I don't get homework at all. If she was teaching the kids the correct way they would "get" it during school hours and know it. Do they seriously have to spend 10-12 hours per day doing school work?
I know this is sort of the devils advocate part of me saying all this because this is something I wondered as a kid. I thought "I did this all day, why do I have to come home and do more of it". I ended up hating math and stuff due to homework all the time. I was a good student too.
If the teacher is doing her job and the kids are learning how to do it why do they need to come home and do it again? That's my point.
There are labor laws prohibiting children from working over so many hours per day. This pertains mostly to actors and other places where children draw a paycheck for holding down a position.
If those laws were the same for schools their school day would even be shorter than it is now.
When my grandson went into 4th grade he had to go to a school across town since his local school had no room for him. If a student in his grade left he would be able to go to his home school. The teacher he had at the school across town gave him up to 4 hours of homework per day. I was there, it was assignment after assignment. He sat there and worked the whole time and even ate his dinner while working.
Once he transferred to the other school he had homework once or twice per week and it was usually a paper or some other writing assignment he had to do with unlimited time on a home computer.
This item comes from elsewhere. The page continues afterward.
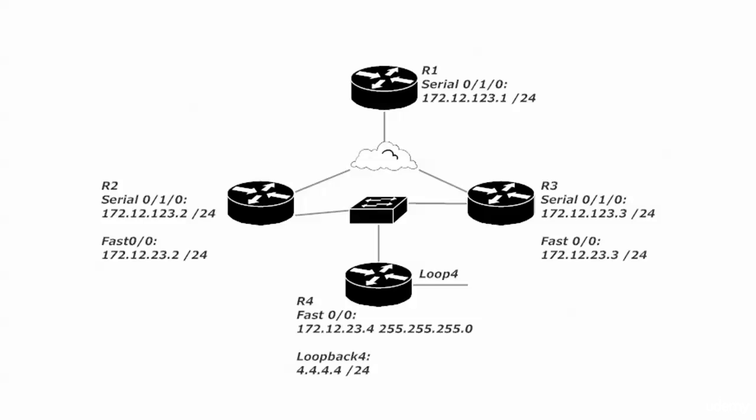Time for us to see where equal-cost load sharing can serve as a benefit, as it usually does with RIP.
His grades went up and he actually had less behavior problems since he was able to do more that school for over 12 hours per day 4-5 days per week.
Kids in "America" as you put it have learned that a well rounded person who is doing sports and other activities has a lifestyle as they get older that will allow them better health and the ability to have a lot more coping skills as an adult.
The learn how to do teamwork that later will translate into "gets along well with their co-workers/works well with co-workers", they learn to take not winning each and every time and turn it into working harder to achieve the best they can do, they learn so many more things that this post would be 2-3 times longer.
The facts are what people are posting. Homework does NOT mean their getting a better education, homework does NOT mean that they are attending a good school, it just means they have a teacher that is too busy to do her job and they have to have the parents do it for them.